I have a large set of data which I'm trying to represent in 3D hoping to spot a pattern. I've spent quite some time reading, researching and coding, but then I realized my main problem is NOT the programming, but actually choosing a way to visualize the data.
Matplotlib's mplot3d offers a lot of options (wireframe, contour, filled contour, etc), and so does MayaVi. But there are so many choices (and each with its own learning curve) that I'm practically lost and don't know where to start! So my question is essentially which plotting method would YOU use if you had to deal with this data?
My data is date-based. For each point in time, I plot a value (the list 'Actual').
But for each point in time, I also have an Upper limit, a Lower limit, and a mid-range point. These limits and midpoints are based on a seed, in different planes.
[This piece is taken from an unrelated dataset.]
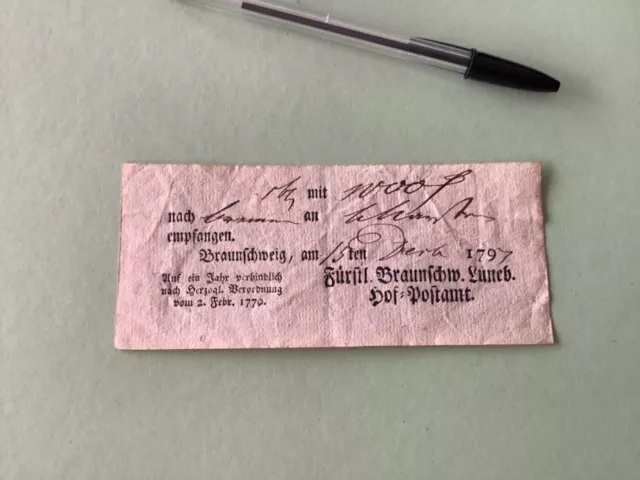 Germany Braunschweig 1797 postal note Ref A1580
I want to spot the point or identify the pattern when, or before, a major change happens in my 'Actual' reading. Is it when the upper limits on all planes meet? Or approach one another? Is it when the Actual value touches an Upper/Middle/Lower limit? Is it when Uppers in one plane touch the Lowers of another plane?
In the code I'm pasting, I've reduced the data set to just a few elements. I'm just using simple scatter and line plots, but because of the size of the data set (and maybe the limitations of mplot3d?), I'm unable to use it to spot the trends I'm looking for.
dates = [20110101,20110104,20110105,20110106,20110107,20110108,20110111,20110112]
zAxis0= [ 0, 0, 0, 0, 0, 0, 0, 0]
Actual= [ 1132, 1184, 1177, 950, 1066, 1098, 1116, 1211]
zAxis1= [ 1, 1, 1, 1, 1, 1, 1, 1]
Tops1 = [ 1156, 1250, 1156, 1187, 1187, 1187, 1156, 1156]
Mids1 = [ 1125, 1187, 1125, 1156, 1156, 1156, 1140, 1140]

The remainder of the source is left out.